Information shown:
══════
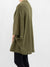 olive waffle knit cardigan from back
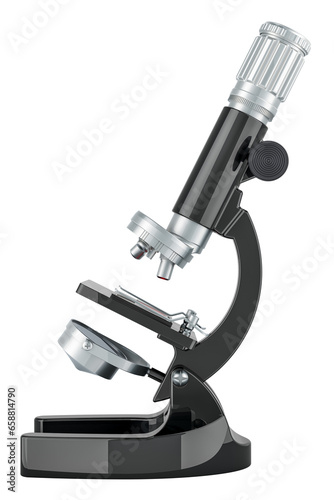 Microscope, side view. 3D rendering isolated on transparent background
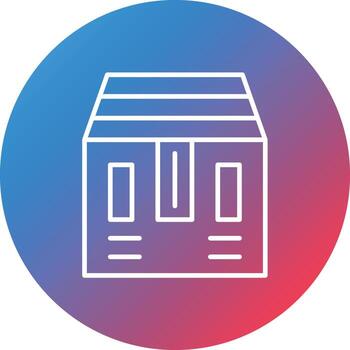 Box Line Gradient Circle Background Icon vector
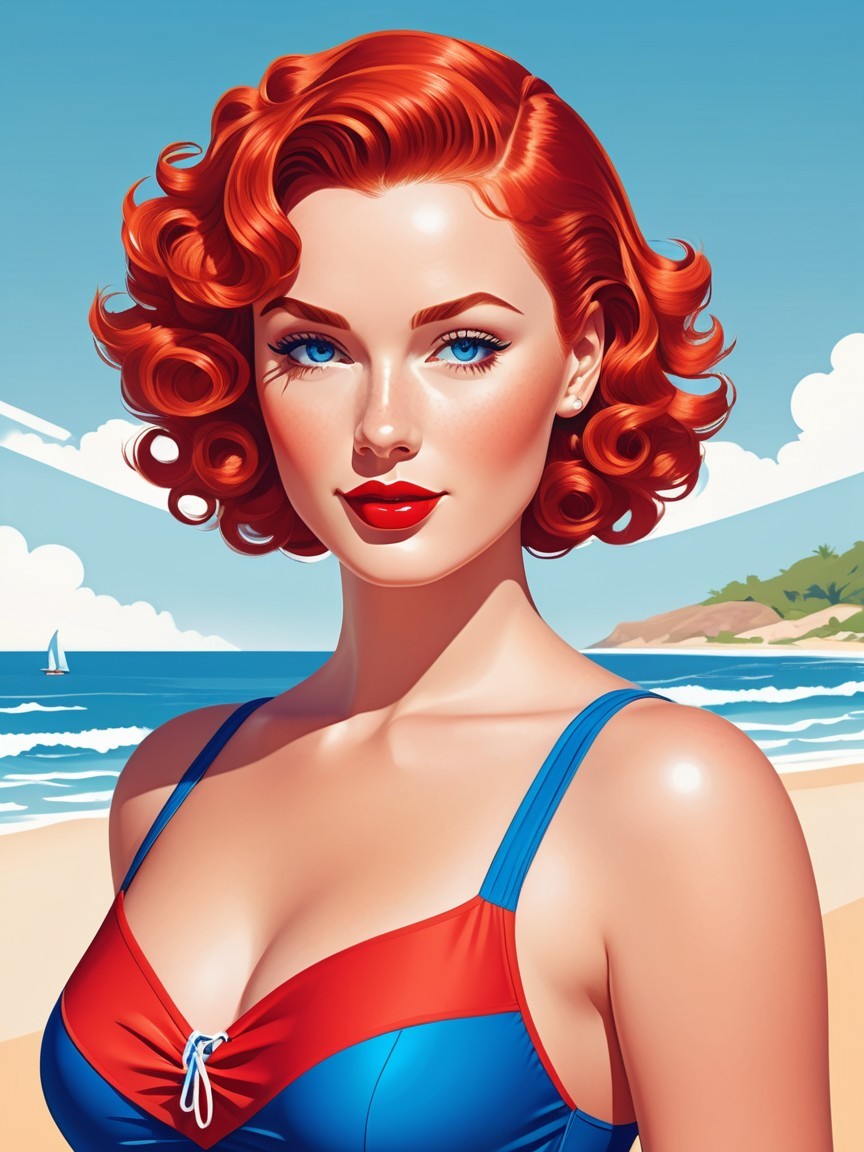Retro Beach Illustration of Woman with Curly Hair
══════
What is required:
Give the data above again, exactly, with every picture removed.

Worked solution:
 olive waffle knit cardigan from back
 Microscope, side view. 3D rendering isolated on transparent background
 Box Line Gradient Circle Background Icon vector
Retro Beach Illustration of Woman with Curly Hair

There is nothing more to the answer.